Parameter Nonidentifiability
Preprint: “On the Parameter Combinations That Matter and on Those That do Not”
Consider the function, depicted below, given by $f(x_1,x_2)=1+2e^{-3x_1x_2}-e^{x_1x_2}$, which is nominally defined in terms of two inputs. Both $x_1$ and $x_2$ influence the output, but only through the combination $\phi=x_1x_2$. Knowledge of the output is insufficient to identify a single pair of values for the corresponding inputs. Instead, we find an entire level set of inputs consistent with the observed output.
These level sets are one-dimensional curves in the two-dimensional domain, and there is a functional relationship between the two inputs when constrained to a particular output value. One could describe positions on such a level set using either $x_1$ or $x_2$. However, it is also possible to use the quantity $\psi=x_1^2−x_2^2$ to parameterize the level sets. This is convenient because $\phi$ and $\psi$ are conformal to each other. That is,
\[\nabla^\top\!\phi\;\nabla\psi=\begin{bmatrix}x_2 & x_1\end{bmatrix}\begin{bmatrix}2x_1 \\ -2x_2\end{bmatrix}=0\]holds everywhere in the $(x_1,x_2)$ plane. Thus, $\phi$ and $\psi$ together form an orthogonal system of coordinates in which only one component influences the system output. We call the combination $\phi=x_1x_2$ an effective parameter, whereas $\psi=x_1^2-x_2^2$ is a redundant parameter.
This type of behavior, where the output from a system depends on relatively few effective parameters and other combinations of inputs are redundant, arises frequently in scientific applications. However, the effective parameters need not be physically meaningful, and a purely analytical strategy for model order reduction is not possible when the system behavior is available only as a black box. We propose a data-driven approach that can identify the number of effective parameter combinations on which the system’s behavior depends and provide a global parameterization in terms of a reduced set of coordinates.

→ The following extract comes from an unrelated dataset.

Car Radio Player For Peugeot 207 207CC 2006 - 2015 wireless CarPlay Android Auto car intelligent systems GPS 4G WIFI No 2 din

Our framework offers various benefits. It identifies the intrinsic dimensinality of a system’s behavior without requiring any information beyond black-box observations. The number of effective parameters that we find implicitly tells us the number of redundant parameters as well, since the two must have a sum equal to the dimensionality of the input space. Our results are valid more than locally within a neighborhood of each experiment. We construct a parameterization that applies globally over the available data and allows for two-way prediction between observations and effective parameters.